## Instructions for the task
What needs transcribing is the line with "sulla sinistra il" and every line after it to the end of the records, exactly and alone, with no pictures.

(Collection entries)
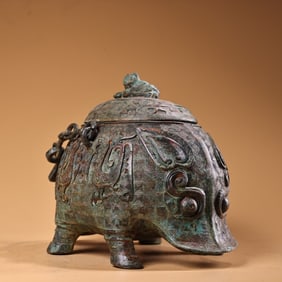A Chinese Bronze Jar with Handle and Lid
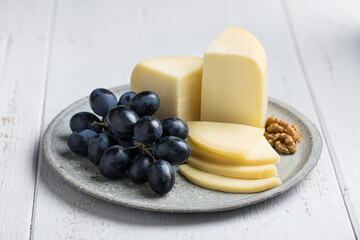 Sliced cheese Caciotta, served with grapes and walnuts, selective focus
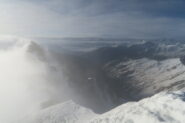 sulla sinistra il Pain de Sucre nella nebbia dalla cima del Fourchon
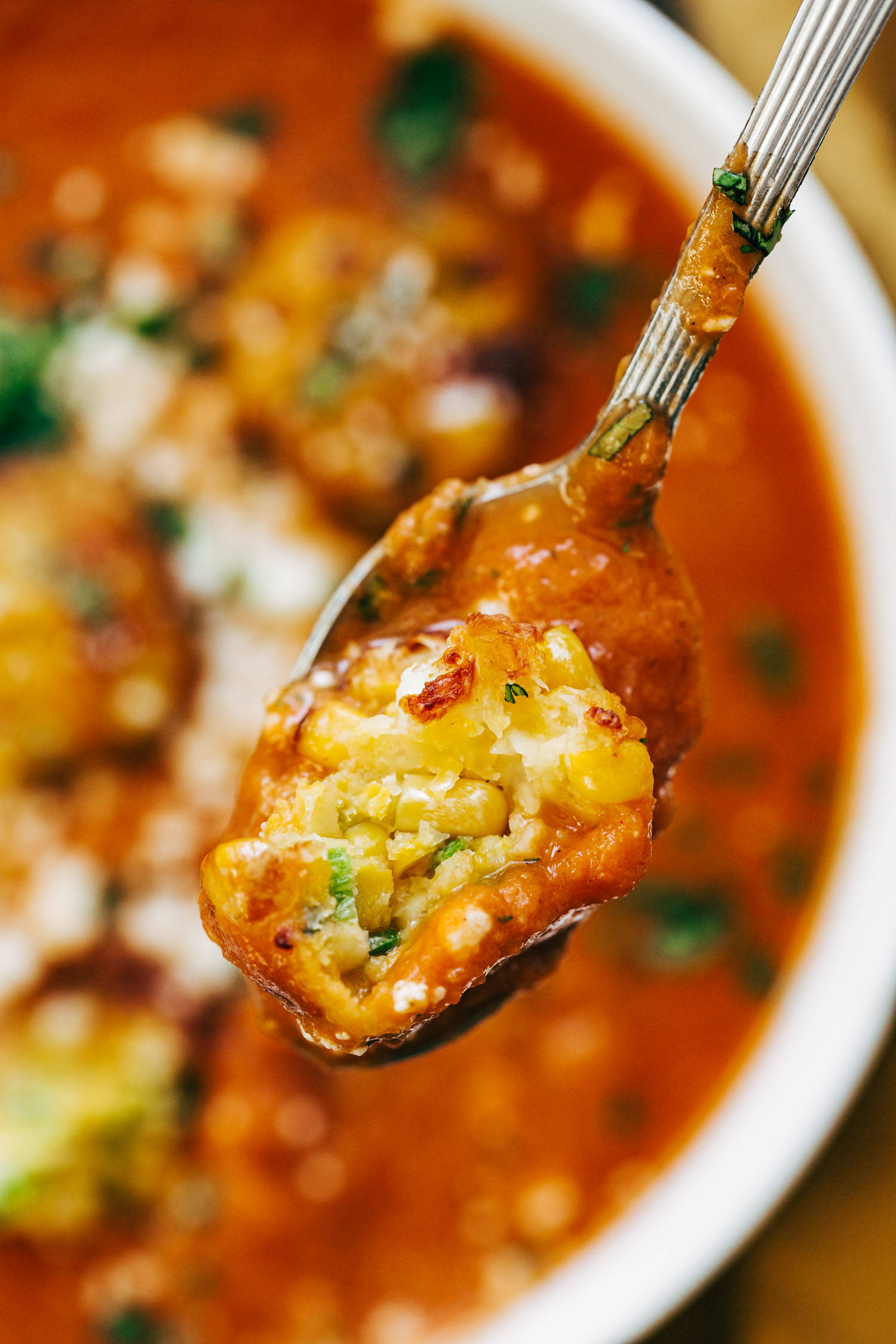 Spoon with a scoop of jalapeno corn fritters and sopa tarasca.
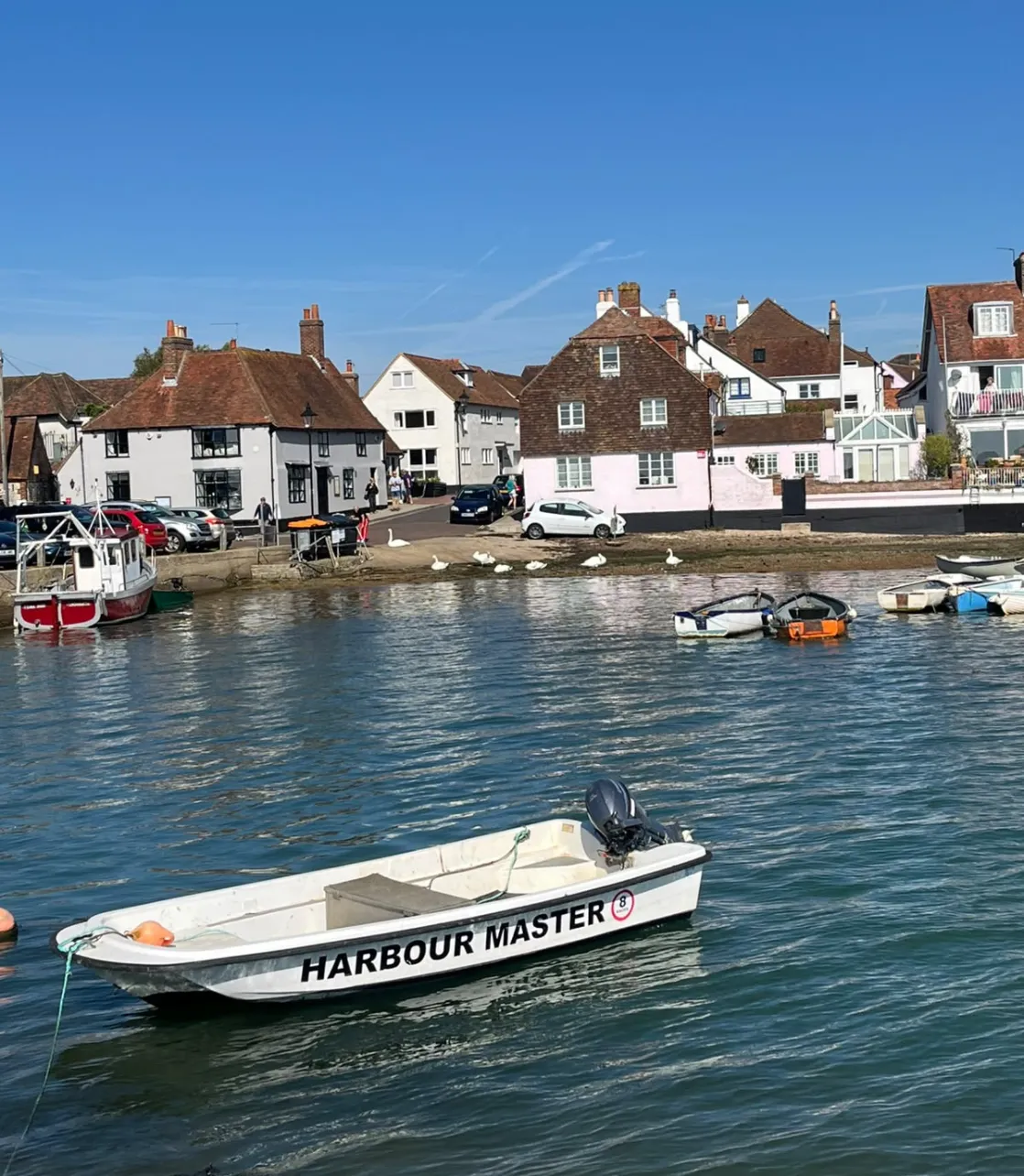 Image of Emsworth harbour, a small boat floating in the water in front of a street full of white town houses.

## Task answer
 sulla sinistra il Pain de Sucre nella nebbia dalla cima del Fourchon
 Spoon with a scoop of jalapeno corn fritters and sopa tarasca.
 Image of Emsworth harbour, a small boat floating in the water in front of a street full of white town houses.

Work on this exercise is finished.